Lo que subyace a todas estas posturas es la visión de religiosos y sacerdotes como un instrumento para el control social y la difusión de la ideología normativa de la comunidad política de referencia

Esta corriente, que tuvo su máxima expresión en Francia (de ahí el nombre), identificaba los intereses de la iglesia en un reino determinado con el propio reino. Anteponía así los intereses del monarca de turno a la visión universalista que debe primar en una Iglesia que se denomina católica, es decir, universal. Ya en el s. XVI, la reforma en Inglaterra había tomado la forma de un cisma en la que la autoridad del rey primaba sobre toda la organización eclesiástica (haciendo, por cierto, una interpretación torticera de uno de los preceptos de la Carta Magna sobre la libertad de la Iglesia). Con signo político contrario, durante la revolución francesa también se intentó someter todo el clero a la autoridad política como meros funcionarios del estado. Se trataba de convertir la Iglesia en una confederación más o menos laxa de episcopados nacionales identificados cada uno con su patria. Lo que subyace a todas estas posturas es la visión de religiosos y sacerdotes como un instrumento para el control social y la difusión de la ideología normativa de la comunidad política de referencia. Esto es letal para la misión real que como miembros de la Iglesia debemos desempeñar. No por casualidad las regiones de España más descristianizadas son aquellas en las que el nacionalismo ha tenido una mayor implantación: resultado natural, si desde los púlpitos en vez de predicar a Dios, se predica la patria. Esto, en la historia religiosa y en los catecismos, tiene un nombre claro, idolatría. Han abandonado el altar de Cristo para dedicarse al altar de la patria. Han olvidado que los cristianos aunque somos ciudadanos, tenemos otra patria.
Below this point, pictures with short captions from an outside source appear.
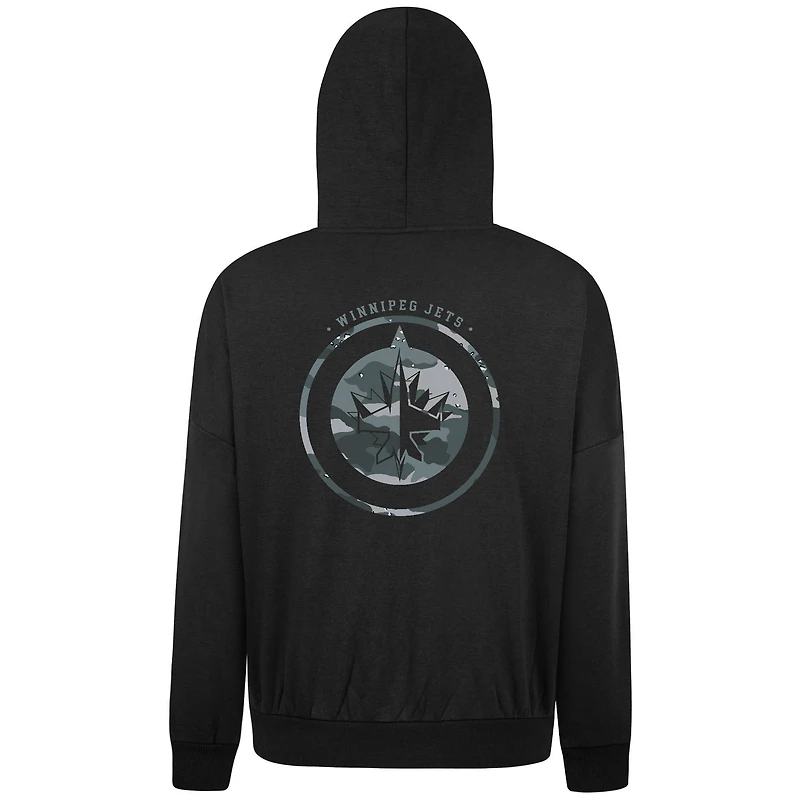 Sweat à capuche oversize noir Levelwear Winnipeg Jets Contact pour homme
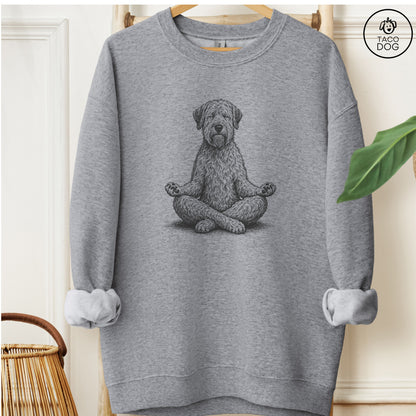 Wheaten Terrier Meditate Sweatshirt Graphite Heather Taco-Dog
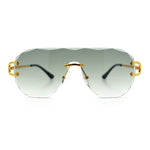 Oversize Luxury Hip Hop Gangster Swagger Rimless Racer Shield Sunglasses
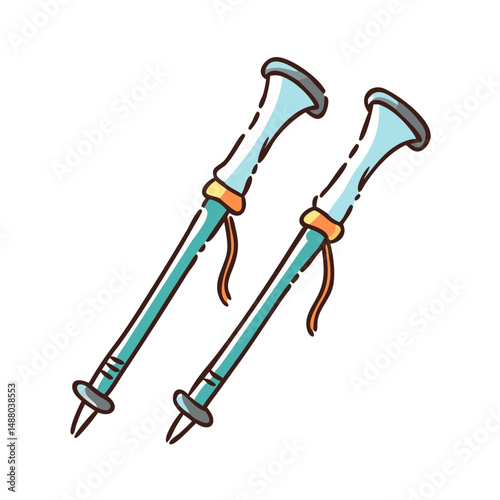 trekking poles icon, trekking poles vector illustration-simple illustration of trekking poles, perfect for trekking poles logos and icons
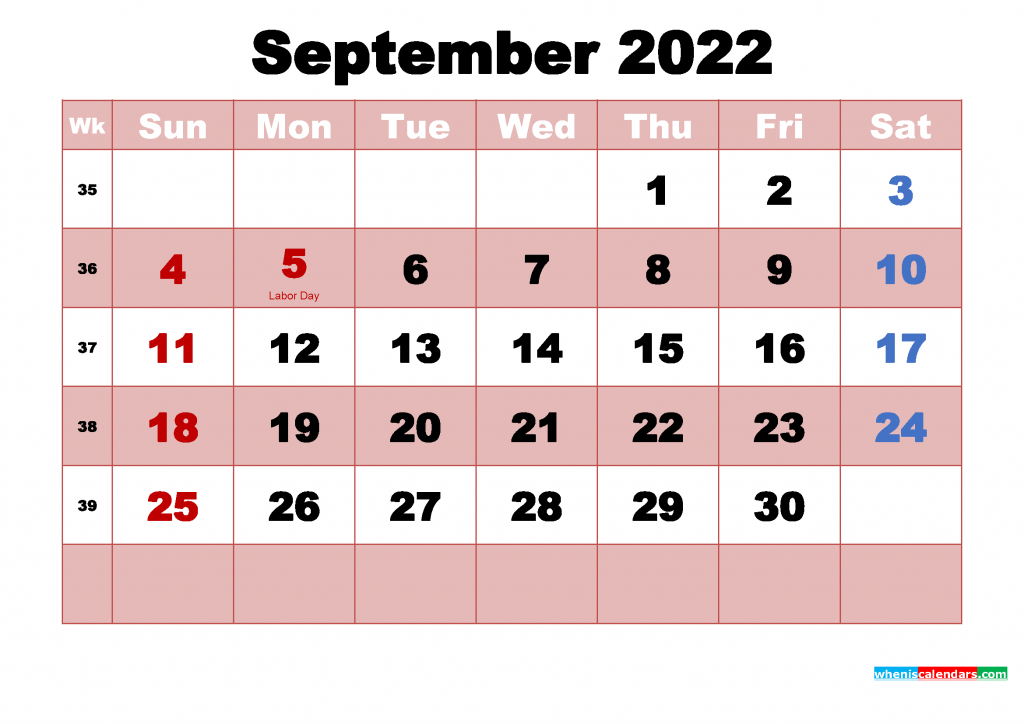 September 2022 Calendar With Holidays | Printable  2022 Calendar Philippines With Holidays Printable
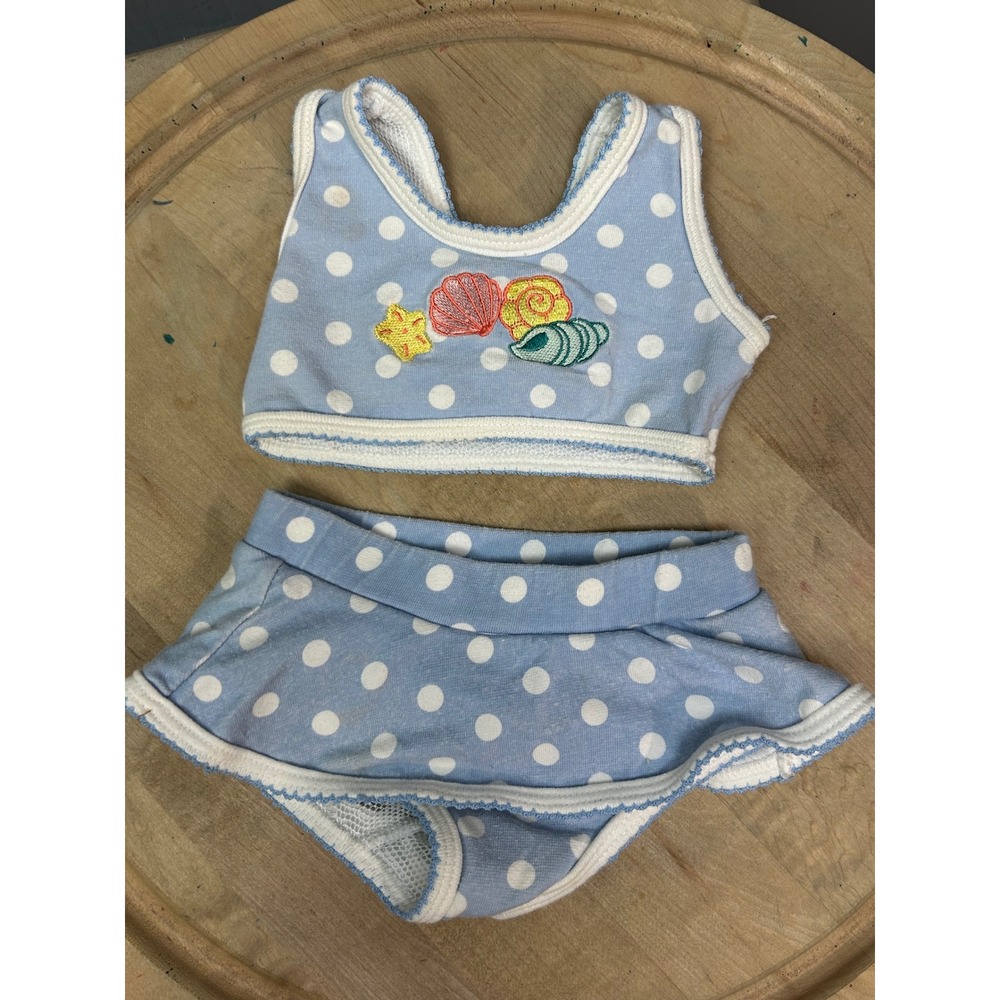 Baby Buns Blue Polka Dot Shell Embroidered 2 Piece‎ Skirted Swimsuit 12 Months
El sacerdote pasa a ser el chamán de la tribu, archipámpano necesario para los ritos del clan, para consagrar los sacrificios por la nación

Hoy veo con gran tristeza y preocupación cómo muchos siguen en lo mismo. Se quieren crear fronteras, se quiere uniformizar mentes y lenguas, se quiere purgar al diferente, se promueve la insolidaridad, todo esto envuelto en una bandera, y todavía hay sacerdotes y religiosos que suscriben manifiestos en defensa de esa ruptura. ¿Dónde queda la defensa, a veces incomprendida, de la apertura de fronteras a todos? ¿Dónde la de una solidaridad y fraternidad entre todos los bautizados sin hacer acepción de lengua, pueblo o nación? ¿Dónde el posicionarse no con los poderosos, sean locales, regionales o nacionales, sino con los pobres y con quiénes más necesitan nuestra ayuda? ¿Dónde el tener el Reino de Dios como nuestra verdadera patria a la que tratamos de hacer presente ya aquí mientras peregrinamos hacia su realización futura? Todo esto queda en un segundo plano, el sacerdote pasa así a ser el chamán de la tribu, archipámpano necesario para los ritos del clan, para consagrar los sacrificios por la nación.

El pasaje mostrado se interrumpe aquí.